__Problem requirements__. Please print, exactly, only the lines in the entries below from the line that has "The first thing" through the line that has "Last question: Earth". Pictures don't go in.

__Records supplied__.
•••••

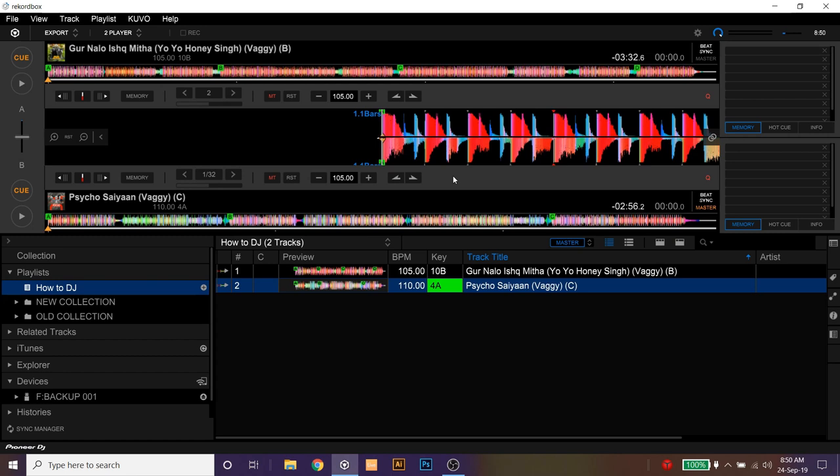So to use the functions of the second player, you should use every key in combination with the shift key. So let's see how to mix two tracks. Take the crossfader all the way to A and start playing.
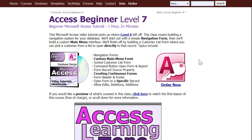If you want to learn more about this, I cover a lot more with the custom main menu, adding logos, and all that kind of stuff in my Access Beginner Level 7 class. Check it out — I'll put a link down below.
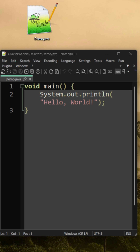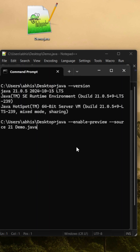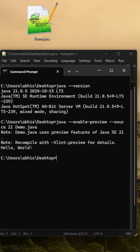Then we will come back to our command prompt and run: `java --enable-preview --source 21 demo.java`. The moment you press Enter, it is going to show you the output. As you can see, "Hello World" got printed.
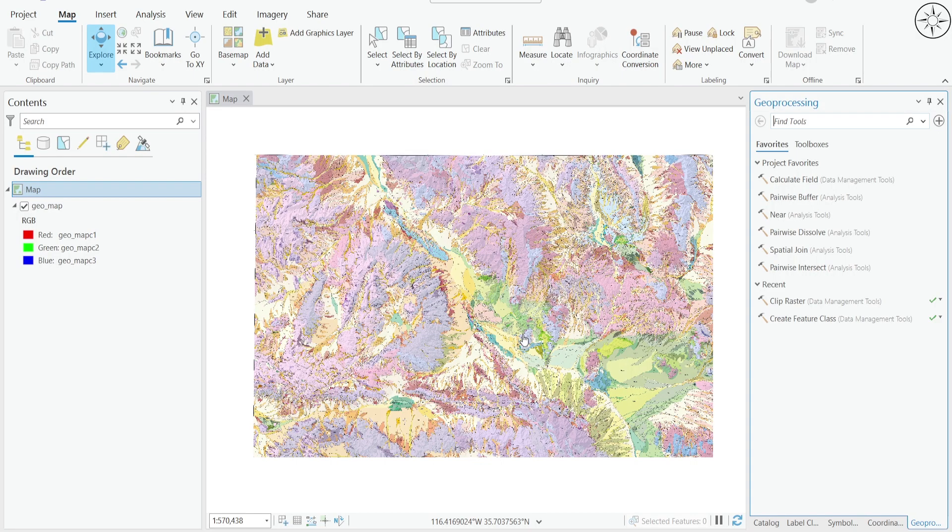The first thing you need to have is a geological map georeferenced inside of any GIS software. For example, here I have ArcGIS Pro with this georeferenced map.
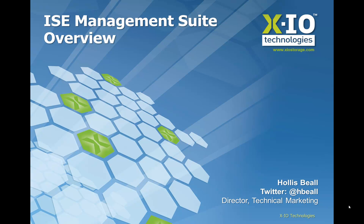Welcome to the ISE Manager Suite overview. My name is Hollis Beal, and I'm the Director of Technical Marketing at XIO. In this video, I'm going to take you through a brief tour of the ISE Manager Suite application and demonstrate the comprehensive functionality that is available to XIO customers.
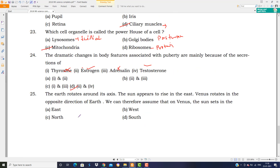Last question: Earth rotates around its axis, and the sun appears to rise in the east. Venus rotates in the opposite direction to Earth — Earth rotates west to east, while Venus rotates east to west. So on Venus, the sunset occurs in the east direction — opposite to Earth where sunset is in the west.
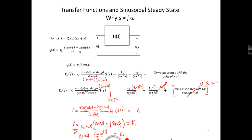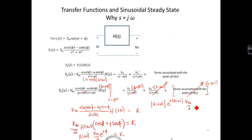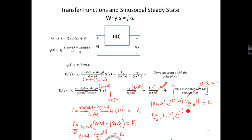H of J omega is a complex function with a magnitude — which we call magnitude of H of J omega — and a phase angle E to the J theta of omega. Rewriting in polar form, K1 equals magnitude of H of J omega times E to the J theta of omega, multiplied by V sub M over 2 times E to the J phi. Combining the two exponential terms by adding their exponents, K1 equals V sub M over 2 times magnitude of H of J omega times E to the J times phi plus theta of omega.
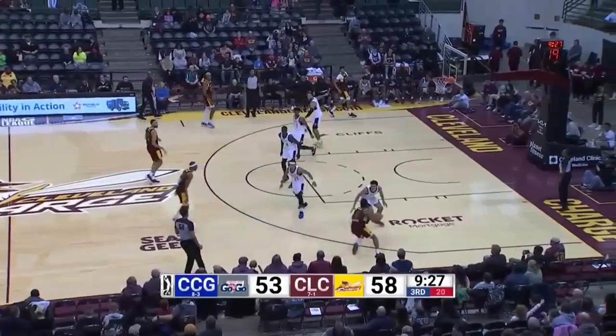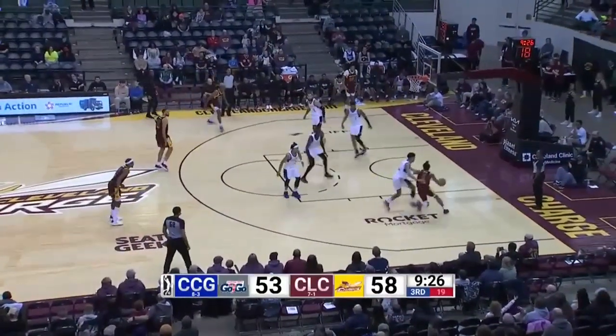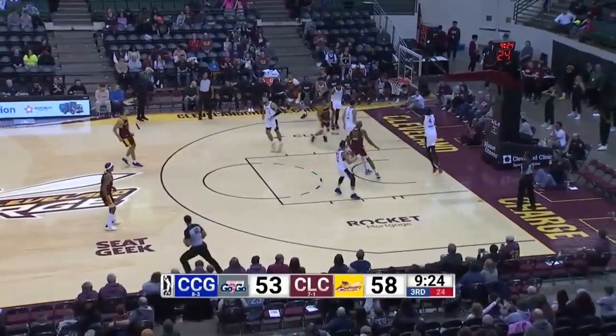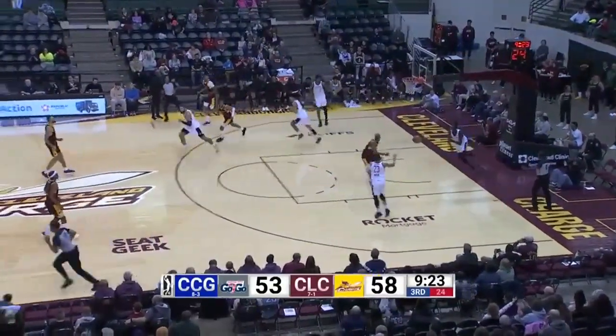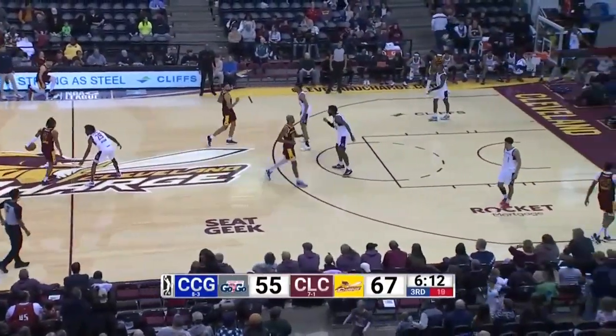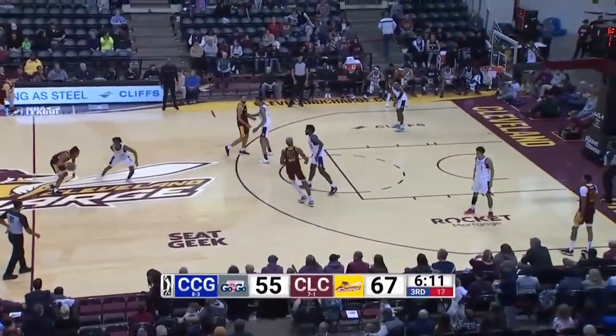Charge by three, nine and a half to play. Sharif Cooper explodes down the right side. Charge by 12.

•••••

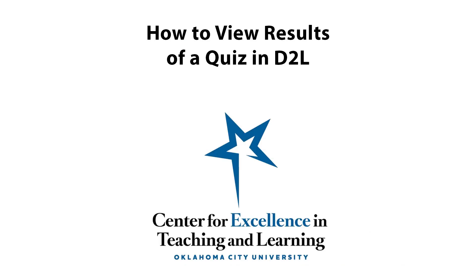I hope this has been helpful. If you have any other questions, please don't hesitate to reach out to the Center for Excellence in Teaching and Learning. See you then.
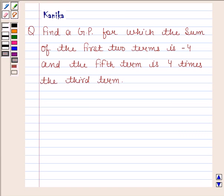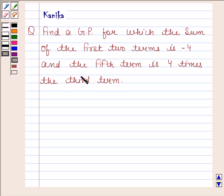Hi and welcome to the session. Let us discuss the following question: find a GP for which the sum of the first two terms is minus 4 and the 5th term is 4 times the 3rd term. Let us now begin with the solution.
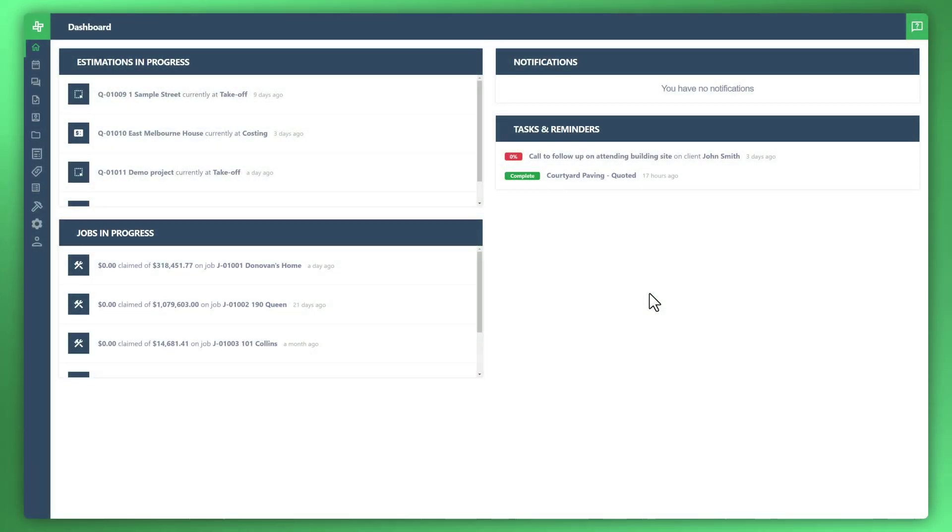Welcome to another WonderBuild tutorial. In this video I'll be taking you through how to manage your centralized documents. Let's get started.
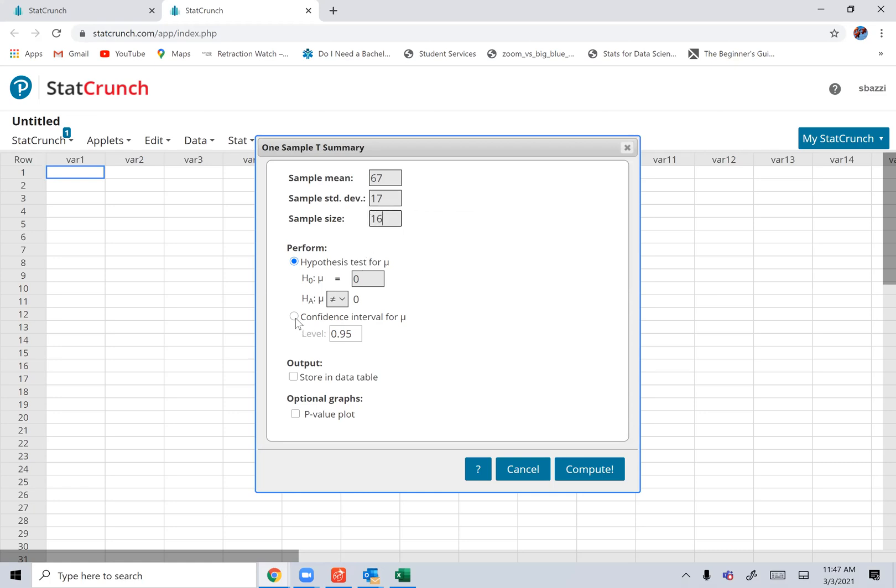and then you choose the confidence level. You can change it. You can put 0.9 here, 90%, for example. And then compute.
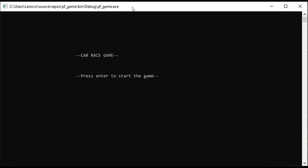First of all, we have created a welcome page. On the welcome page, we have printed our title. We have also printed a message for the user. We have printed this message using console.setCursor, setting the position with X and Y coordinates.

•••••

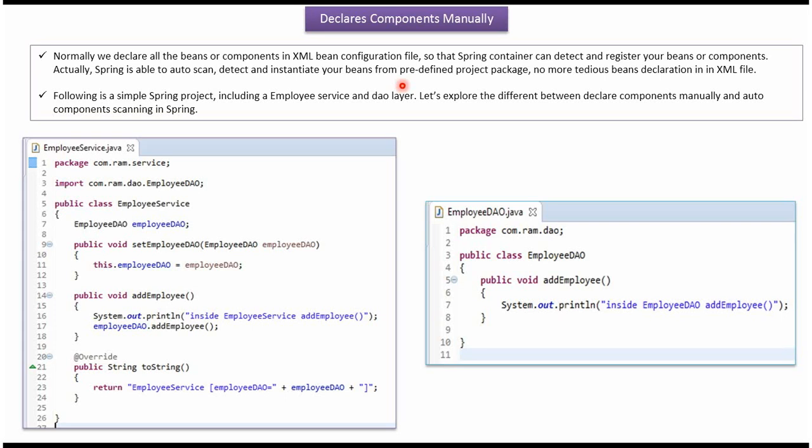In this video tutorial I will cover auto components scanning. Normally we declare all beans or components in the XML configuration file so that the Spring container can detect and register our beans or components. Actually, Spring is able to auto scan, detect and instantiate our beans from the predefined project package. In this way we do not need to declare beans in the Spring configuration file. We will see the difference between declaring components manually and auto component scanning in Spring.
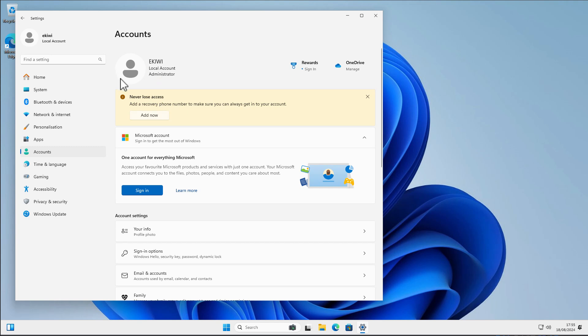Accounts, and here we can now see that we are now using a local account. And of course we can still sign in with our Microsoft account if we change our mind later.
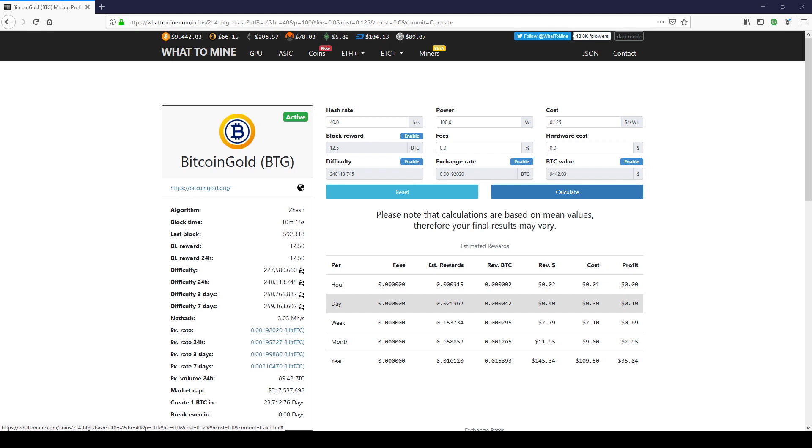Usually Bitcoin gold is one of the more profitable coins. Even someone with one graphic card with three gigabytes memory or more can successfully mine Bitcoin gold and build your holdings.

•••••

__Task response__.
The first thing you need to have is a geological map georeferenced inside of any GIS software. For example, here I have ArcGIS Pro with this georeferenced map.
Welcome to the ISE Manager Suite overview. My name is Hollis Beal, and I'm the Director of Technical Marketing at XIO. In this video, I'm going to take you through a brief tour of the ISE Manager Suite application and demonstrate the comprehensive functionality that is available to XIO customers.
Last question: Earth rotates around its axis, and the sun appears to rise in the east. Venus rotates in the opposite direction to Earth — Earth rotates west to east, while Venus rotates east to west. So on Venus, the sunset occurs in the east direction — opposite to Earth where sunset is in the west.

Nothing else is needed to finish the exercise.